DataLoader -- an API to wrap datasets from other machine learning frameworks

electriclilies · March 24, 2021, 12:17am

In this RFC, I propose a new feature in TVM called the DataLoader. The DataLoader class is a soft wrapper class for dataset classes in other machine learning frameworks.

Motivation:

There are a wide variety of datasets that exist in the machine learning framework ecosystem, and each have their own separate API. Since TVM does not have its own datasets, we must write code that uses datasets from other frameworks (most often, pytorch, tensorflow, keras and mxnet). Since these datasets all have different APIs, it is difficult to write generalized code that uses datasets without assuming that the dataset is from one of these specific frameworks.

For example, for quantizing relay models using data aware quantization, it is useful to have a unified API that wraps datasets so we don’t have to handle each type of dataset separately.

Existing APIs:

The most popular frameworks have very different APIs for their datasets.

Pytorch datasets use indexing by overwriting get_item, so you can index directly into the dataset object:

for i in range(len(dataset)):
    sample = dataset[i]
		// Do something with the data

Mxnet provides the option to create python iterable out of the dataset:

iterable_dataset = iter(dataset)
for data in iterable_dataset:
	sample = data.asnumpy()
	// Do something with the data

Tensorflow is very similar to Mxnet, however converting individual datapoints to numpy requires using .numpy() method instead of the .asnumpy() method, so it would look something like this:

iterable_dataset = iter(dataset)
for data in iterable_dataset:
	sample = data.numpy()
	// Do something with the data

Keras datasets are actually provided in a single large numpy array. So, to use the keras dataset, you have to iterate over the batch axis.
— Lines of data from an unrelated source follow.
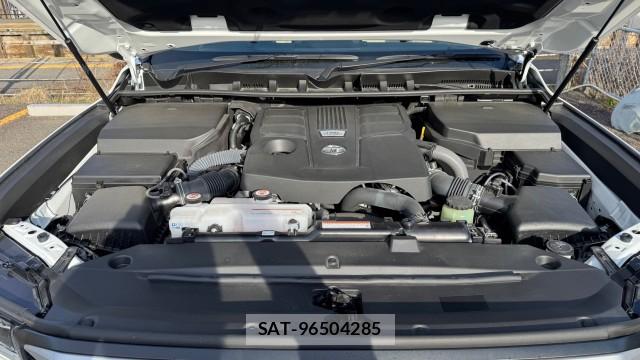 Toyota LAND CRUISER 2024-04 8280631-7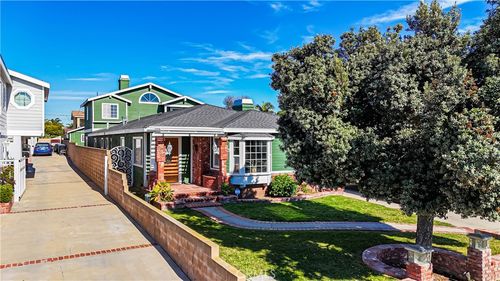 1617 W 222nd St, Torrance, CA, 90501-4121 | Card Image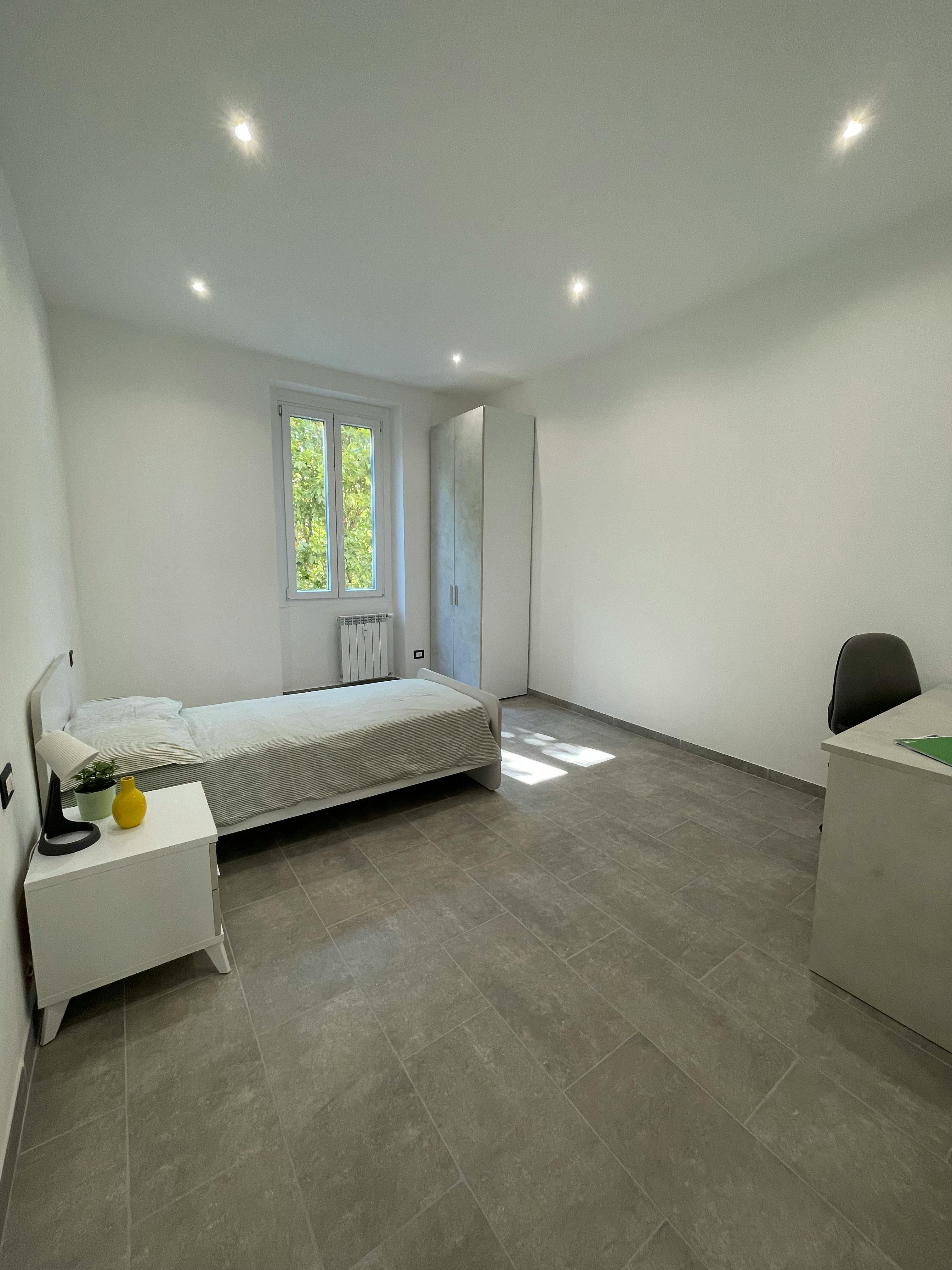 Private room in Via Enrico Porro, Genoa (1729790) room image 4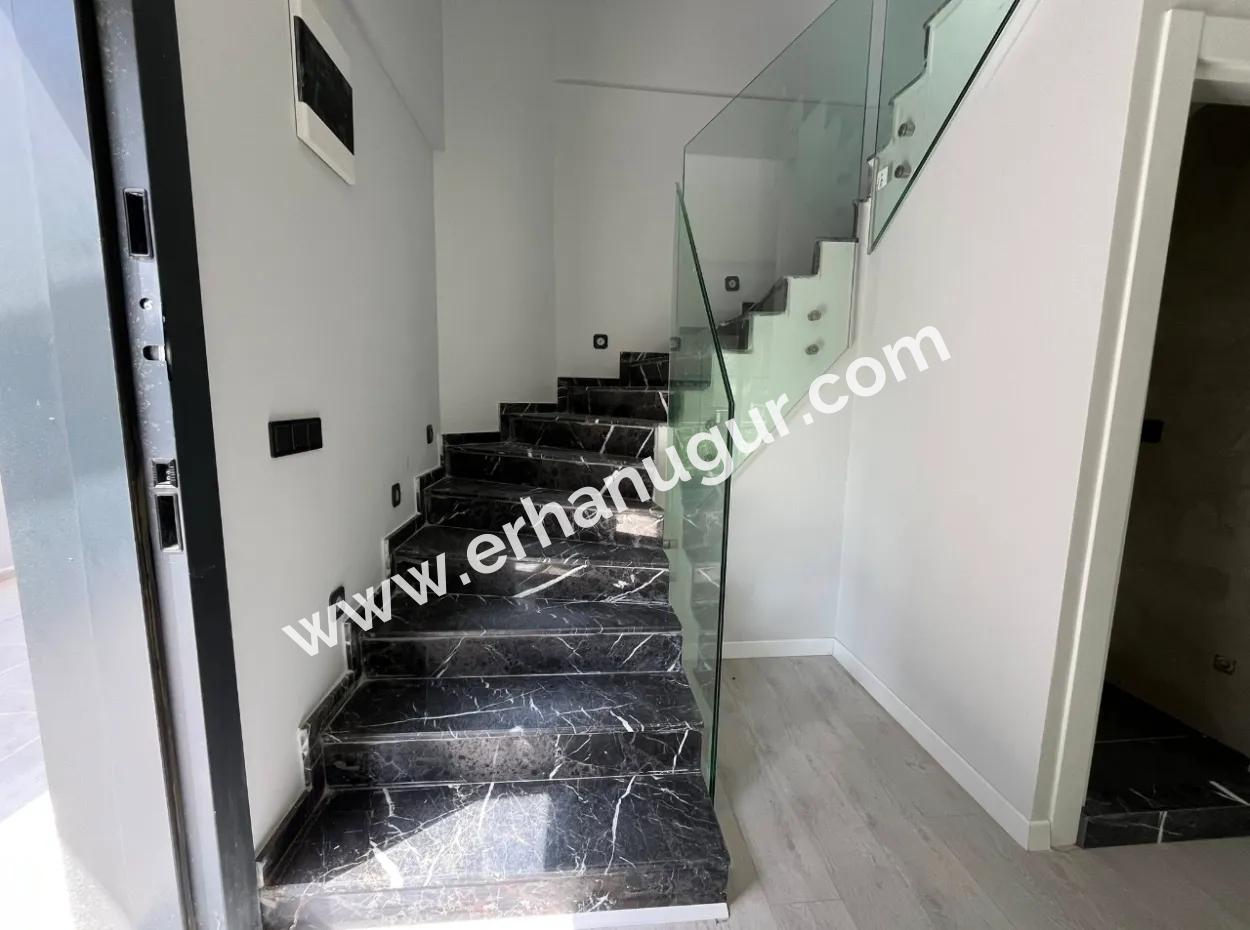 3 1 Villa For Sale With Modern Architect Within Walking Distance Of The Sea In Ozdere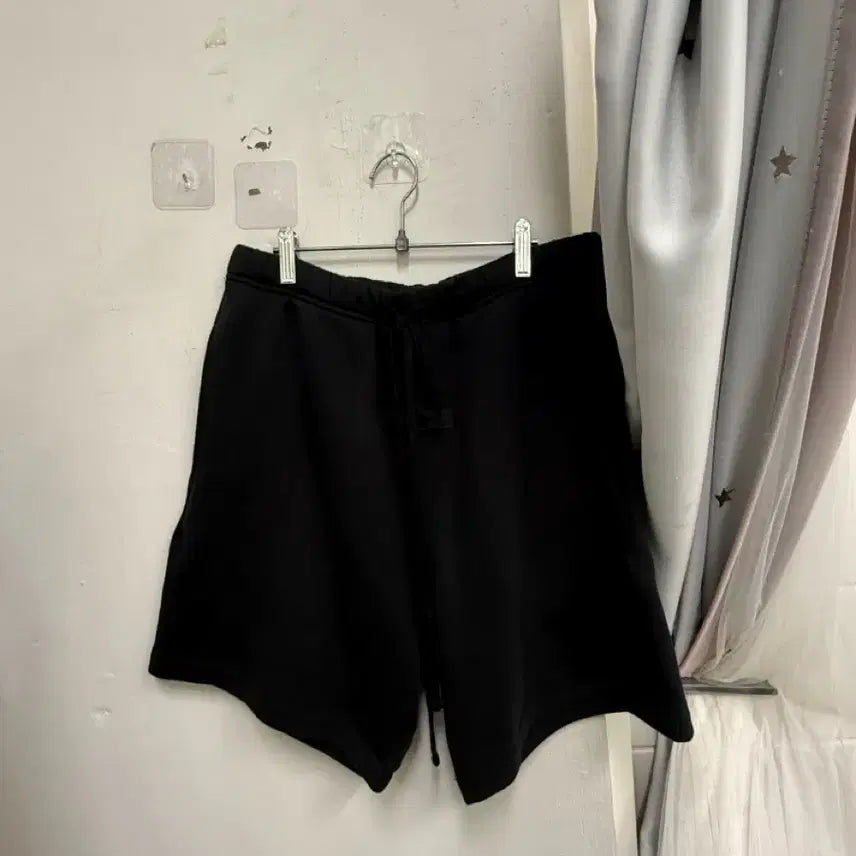 [BUNJANG] Fear of God Essentials Fleece Shorts / 피어오브갓 에센셜 기모 반바지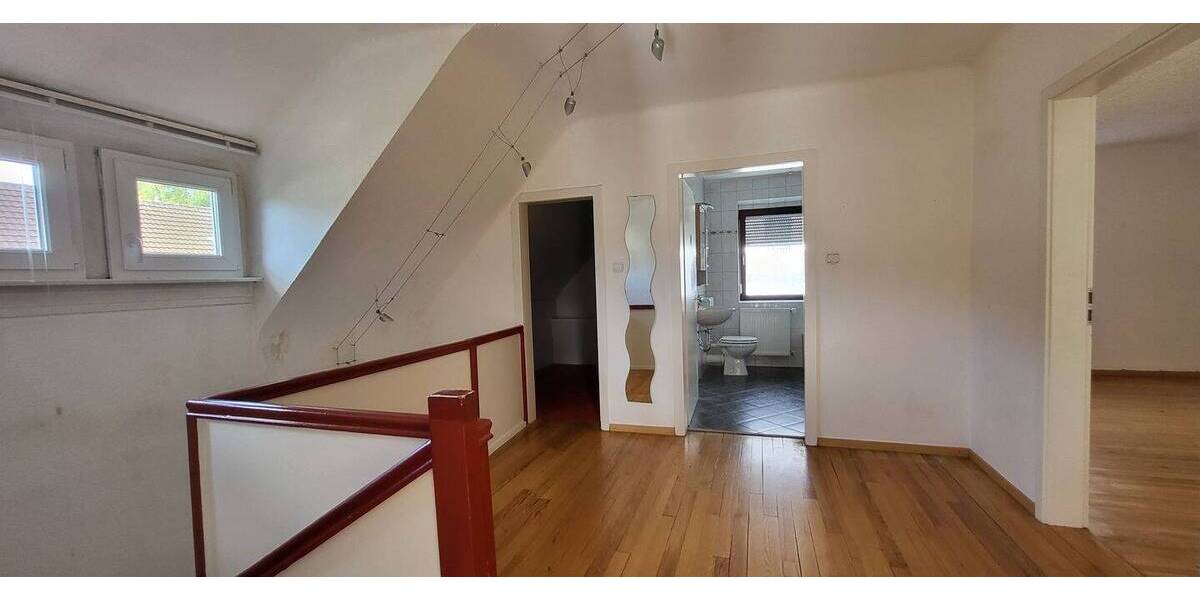 Mehrfamilienhaus, Wohnhaus Beckingen Reimsbach - 7 Zimmer, 250 m&sup2;, 350.000&euro; | Angebot:25726558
for i in range(0, len_dataset, batch_size):
	data = dataset[i * batch_size : (i + 1) * batch_size]
	// Do something with the data

Proposed solution:

I propose writing a class that iterates over an existing dataset and also contains batch size and the number of batches in the dataset— information that is useful to software that may use the DataLoader.

Here is the abstract DataLoader class (subclasses will implement the DataLoader for each framework).

class DataLoader:
    """Wrapper class for data loader or data set classes implemented by other machine learning
    frameworks. Use this class when you want to use different machine learning framework datasets
    interchangably."""

    def __iter__(self):
        """Returns the DataLoaderIterator."""
        return self

    def __next__(self):
        """Returns the next batch of data.

        Returns
        -------
        inputs : List of ndarray
            The inputs to be provided to the graph.
            The list is of the form [batched_input_1, batched_input_2, ..., batched_input_n]

        labels: List
            The expected outputs of the graph.
            The length of labels should be equal to the batch size. If the DataLoader doesn't
            have labels, labels will be None.
        """
        raise NotImplementedError

    def get_num_batches(self):
        """Returns the number of batches the DataLoader has.

        Returns
        ------
        num_batches : int
            The number of batches the DataLoader contains.
        """
        raise NotImplementedError

    def get_batch_size(self):
        """Gets the batch size.

        Returns
        -------
        batch_size : int
            The size of the batch returned by the DataLoader.
        """
        raise NotImplementedError

You can construct a python iterator out of the DataLoader class easily. This means that our framework is similar to tensorflow and mxnet’s dataset API, which makes it familiar to users who want to use it directly. And, the other fields allow us to store information that might be useful for things like calculating accuracy or doing averages, like batch size and the total number of batches.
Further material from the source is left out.